There were two sessions on “Opt Out” at the 32nd WCRI Annual Issues & Research Conference held in Boston last week. I will be writing some more on those sessions, but there is a major point I feel compelled to discuss first and foremost. It is a singular, critical point that was generally omitted by all 6 speakers across both sessions; an omission that could cause confusion for those not well versed in the vernacular of alternative workers' compensation systems.
Texas is not an Opt Out state. It never has been. No one may “opt out” in Texas. Period.
Instead, Texas is, and always has been, an “Opt In” state. Workers' compensation coverage is not required of employers there. They can choose to buy insurance, or not. They can choose to set up alternative plans, or not. Either way, they can “opt” for some sort of coverage or go completely bare; they don't have to have a policy, a plan or a prayer. Those that do not acquire coverage or self insure under state auspices are called “non-subscribers”. On the surface this may seem like a shallow and insignificant point, but the differences in the Texas and Oklahoma systems run deep, and the speakers in last week's sessions should have pointed that out.
Instead, I believe some intentionally conflate the two for the benefit of their arguments.
Most notably, for employers in Texas who choose not to opt in for workers' compensation coverage, open liability prominently remains. They can be sued for negligence. They can be found responsible for pain and suffering. They are wide open to all of the foibles and pitfalls generally absent for those who choose to participate in the grand bargain and the exclusive remedy it provides.

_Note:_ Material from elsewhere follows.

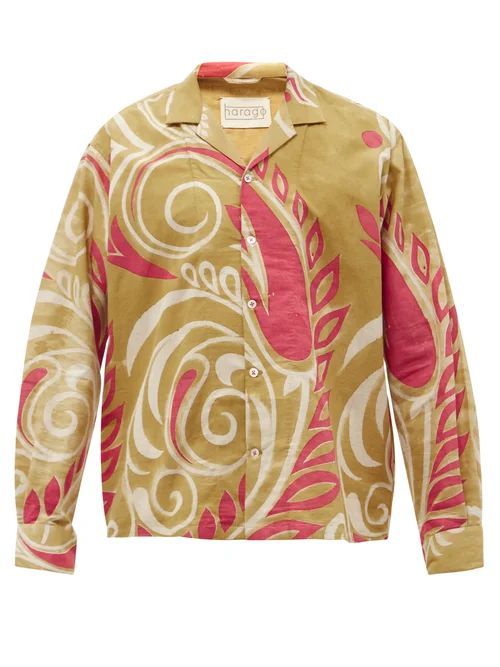 Kaladera Abstract Floral-print Cotton Shirt - Mens - Beige Multi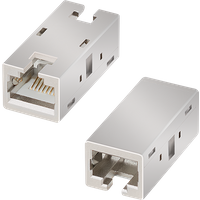 LogiLink RJ45 Inline Coupler, Cat.6A, shielded, metal housing, rectangular with visible ports and connectors.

By comparison, employers in Oklahoma have managed to develop a system that gives them unparalleled secrecy and control while maintaining the benefits of exclusive remedy. They have liability protections that Texas employers can only dream about.

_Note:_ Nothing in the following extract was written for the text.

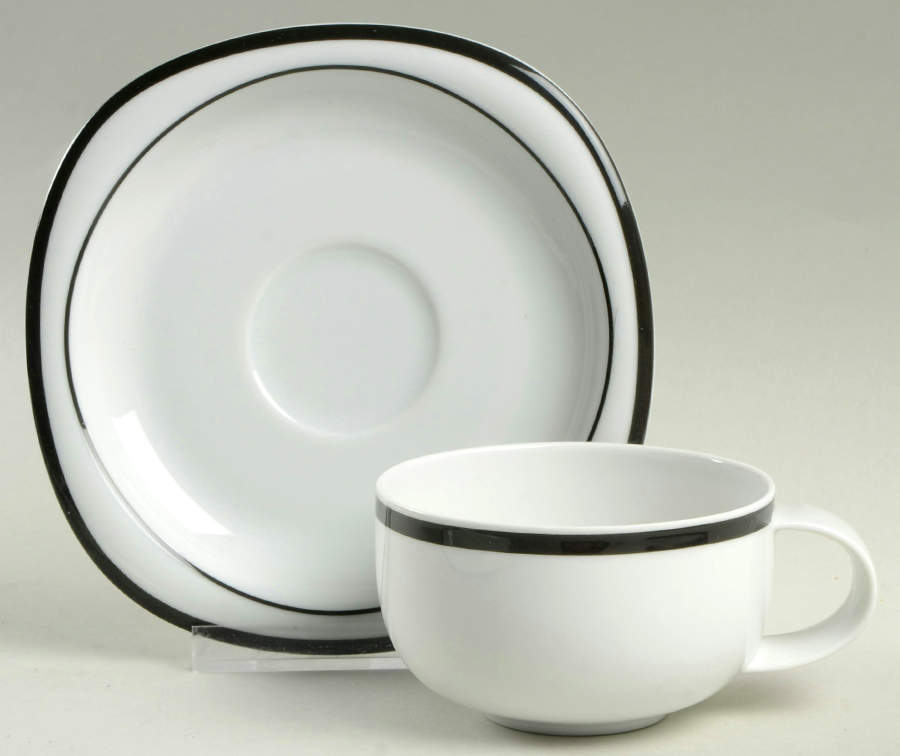 Concept 5 Anthracite Black (Suomi) Flat Cup & Saucer Set by Rosenthal - Continental-1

Common sense would tell us that any alternative plans in Texas are probably better than those found to their north in Oklahoma. The looming reality of open liability means that employers actually have to be responsible if they wish to avoid litigious challenges and expensive jury verdicts. Yet people continually speak of “Opt Out” as if it was one common theme in both states. Our session speakers are not the only ones to do that. Recent articles in ProPublica and NPR also failed to adequately define the difference between the two.
Bill Minick, a Dallas attorney whose firm has written most of the Oklahoma Option plans, mentioned the more than “20 years of history” when talking about the “proven” success of Opt Out. He did not really mention that the 20 years he repeatedly referred to was all based in Texas. Oklahoma has only offered the Option for 2 years, and only 60 of the states 70,000 employers have gone that route. Similarly, presenter Elizabeth Bailey of Waffle House, Inc., spoke only of their experience in Texas as a non-subscriber. To her credit, she was the only speaker to deliver hard statistics about their experience in that area, but she made no mention of the Oklahoma Option except to note that they had elected not to Opt Out in Oklahoma. She did not say why.

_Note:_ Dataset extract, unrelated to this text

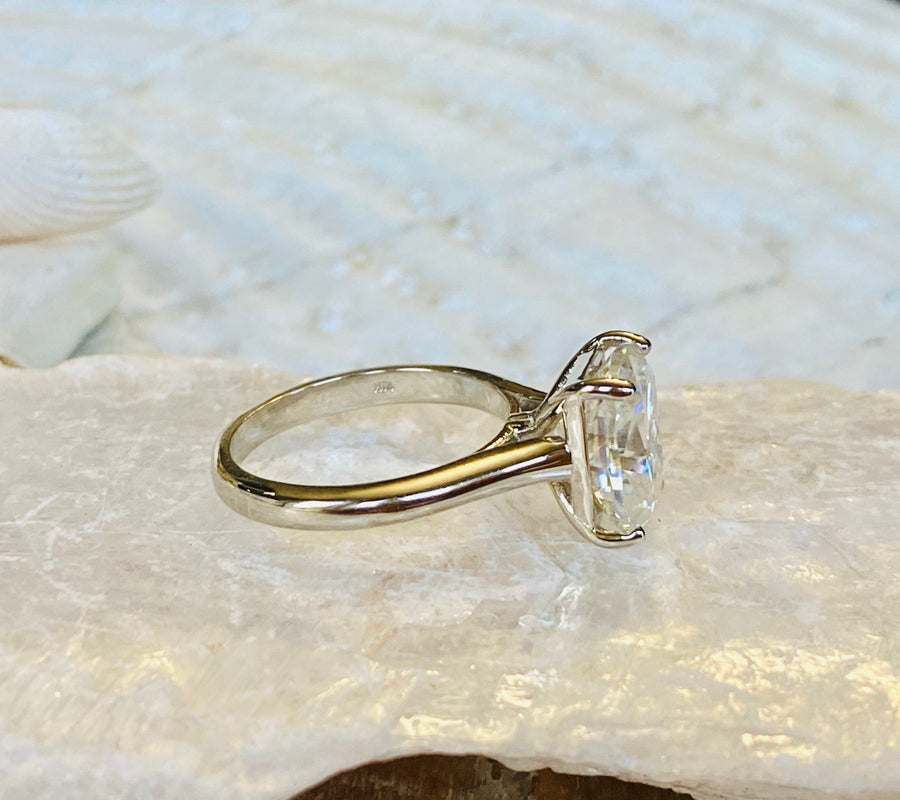 Antique Moissanite Elongated 3.50ct Cushion Cut Ring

And I really would've liked to know.
Really, none of the speakers made an effort to define the difference between these two systems. To the uninitiated it would seem they are the same thing. They are not. Oklahoma style Opt Out is what is being proposed in at least two other states, not Texas style non-subscription. Future sessions on the subject should clarify that point, focus on actual Opt Out and call out presenters if they dilute or confuse the facts.
Additionally, only one speaker, Trey Gillespie of Property Casualty Insurers Association of America, really mentioned that the Oklahoma Option has been ruled unconstitutional in that state. From an overall panel perspective, that fact was almost a non-event; like it never even happened. But more on that later…
The point is, the Texas non-subscriber system has been around for a long time. The Oklahoma Option, by Bill Minick's own admission, is an “experiment” (one commenter at the conference pointed out that Frankenstein was also an experiment). We should not confuse the two. Oklahoma Opt Out, along with proposed similar plans in Tennessee and South Carolina, are unique creatures that deserve to be fully judged on their own scant merits and significant flaws. We should stop providing them cover by supporting them with the alleged achievements of a dissimilar system.
After all, Texas has never been an Opt Out state, and we should stop talking about it like it is.